The disappointment was nothing new to Lee Stange. In a time of tall, strapping hurlers like Bob Gibson and Denny McLain, Stange suffered from the unfortunate fact of being under 6 feet tall. His career was marked by managers and front-office people telling him he was too small to start games.
He now thinks back to those days and believes that being a starter is easier than coming out of the bullpen.
“I enjoyed short relief. I think the easiest job for a pitcher is starting pitcher,” said Stange, adding that one reason is that starters know when they are going to pitch.
Albert Lee Stange was born to Albert and Dorothy Stange on Oct. 27, 1936, in Chicago. Young Lee grew up with two brothers and a sister in suburban Broadview, a small industrial community 13 miles west of Chicago with less than 10,000 people. His father worked in the mailrooms for the Chicago Daily News and the Chicago Sun-Times. Stange attended Proviso Township High School in Maywood.
At Proviso, he played three sports, including football and baseball with football legend Ray Nitschke, who was also a pitcher with control problems.
While Nitschke was listed at 6-feet-1 and 190 pounds in high school, Stange topped out at 5-feet-9. “It got to the point where everyone else grew and I didn’t,” said Stange.
Stange enjoyed an active sporting life in high school.

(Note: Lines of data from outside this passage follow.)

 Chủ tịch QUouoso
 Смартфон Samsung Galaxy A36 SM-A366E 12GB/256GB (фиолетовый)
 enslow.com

Pitching for local coaching legend Doc Appleton, he led the 1953 Proviso Pirates to a state championship. The junior hurled a number of postseason masterpieces, including knocking off reigning state champ Morton. Finishing the year with a 7-1 record, Stange was one of five players from Proviso chosen on the Chicago Tribune’s Suburban League All-Star Team in 1953. As a senior, Stange beat Morton 8-1 in the state tournament, striking out 10 and surrendering eight hits. But the chance to repeat as state champs ended with a loss to York High School.

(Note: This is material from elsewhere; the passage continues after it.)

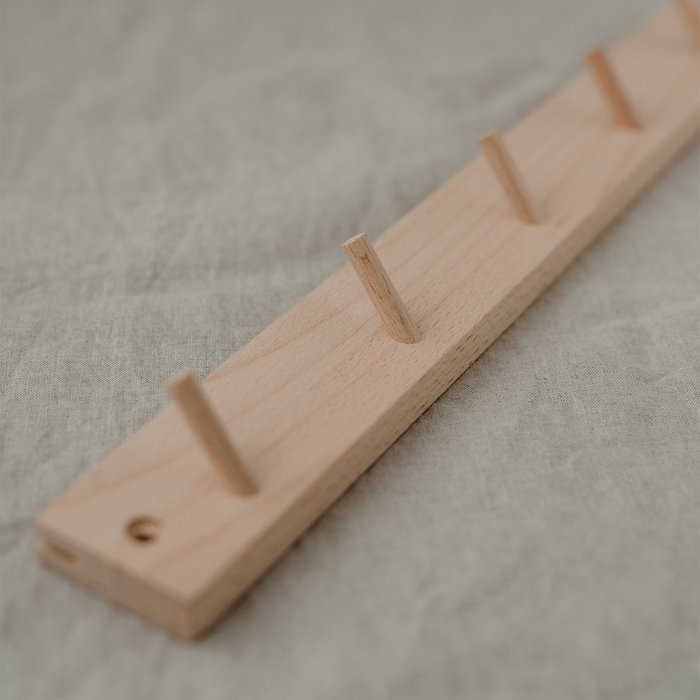 Karten+Hakenleiste [25cm]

Professional scouts took notice of the Broadview pitcher. Washington Senators scout Ossie Bluege approached him about a contract, but Stange declined the offer, saying that he was headed to Drake University.
After a successful high school pitching career, Stange’s college time was not nearly as glorious. The freshman quarterback hurt his knee in a football game and later reinjured the knee in a scrimmage.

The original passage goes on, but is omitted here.